Filmed from September to December 1957, Vertigo uses location footage of the San Francisco Bay Area, with its steep hills and tall, arching bridges. In the driving scenes shot in the city, the main characters' cars are almost always pictured heading down the city's steeply inclined streets.[13] In October 1996, the restored print of Vertigo debuted at the Castro Theatre in San Francisco with a live on-stage introduction by surviving cast member Kim Novak, providing the city a chance to celebrate itself.[14] Visiting the San Francisco film locations has something of a cult following as well as modest tourist appeal. Such a tour is featured in a subsection of Chris Marker's documentary montage Sans Soleil.
In March 1997, the cultural French magazine Les Inrockuptibles published a special issue titled Vertigo's about the film locations in San Francisco, Dans le décor, which lists and describes all actual locations.[15]
Areas that were shot on location (not recreated in a studio):[16]
- Scottie's apartment (900 Lombard Street) is one block downhill from the "crookedest street in the world". Although the door has been repainted, the entrance is easily recognizable save for a few small changes to the patio. The doorbell and the mailbox, which Madeleine uses to deliver a note to Scottie, are exactly the same as they were in the film.
- The Mission San Juan Bautista, where Madeleine falls from the tower, is a real place, but the tower had to be matted in with a painting using studio effects; Hitchcock had first visited the mission before the tower was torn down due to dry rot, and was reportedly displeased to find it missing when he returned to film his scenes. The original tower was much smaller and less dramatic than the film's version.
- The Carlotta Valdes headstone featured in the film (created by the props department) was left at Mission Dolores. Eventually, the headstone was removed as the mission considered it disrespectful to the dead to house a tourist attraction grave for a fictional person. As a Roman Catholic cemetery, it is unlikely Carlotta would have been buried there on account of her suicide and illegitimate daughter.

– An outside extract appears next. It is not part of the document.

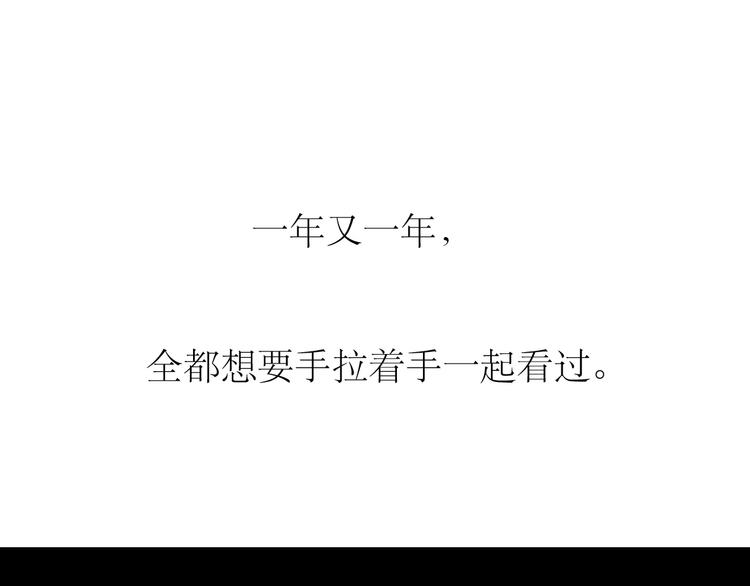 第90话 不可能的奇迹33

All other cemeteries in San Francisco were evicted from city limits in 1912, so the screenwriters had no other option but to locate the grave at Mission Dolores.

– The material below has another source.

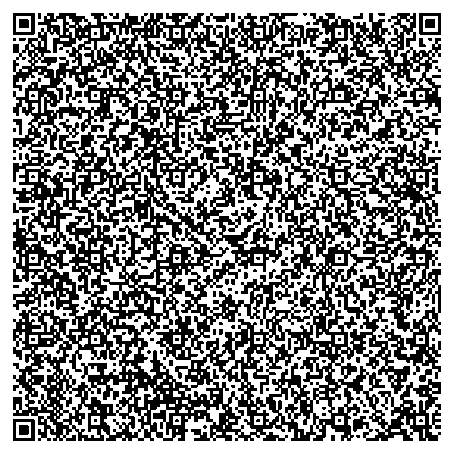 Приказ Росстандарта №2327 от 29.10.2025, https://oei-analitika.ru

- Madeleine jumps into the sea at Fort Point, underneath the Golden Gate Bridge.
- The gallery where Carlotta's painting appears is the California Palace of the Legion of Honor in San Francisco. The Carlotta Valdes portrait was lost after being removed from the gallery, but many of the other paintings in the background of the portrait scenes are still on view.
- Muir Woods National Monument is represented by Big Basin Redwoods State Park; however, the cutaway of the redwood tree showing its age is a replica of one that can still be found at Muir Woods.[clarification needed]

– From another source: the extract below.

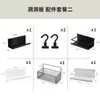Tablero perforado Wg6Q Mampara de pared para e-sports Personalizable, Estante de almacenamiento, Escritorio de estudio para computadora Decoración Estante de almacenamiento de escritorio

- The coastal region where Scottie and Madeleine first kiss is Cypress Point, a location along the 17 Mile Drive near Pebble Beach. However, the lone tree by which they kiss is a prop brought specially to the location.[17]
- The domed building past which Scottie and Judy walk is the Palace of Fine Arts.
- Coit Tower appears in many background shots; Hitchcock once said that he included it as a phallic symbol.[18] Also prominent in the background is the tower of the San Francisco Ferry Building.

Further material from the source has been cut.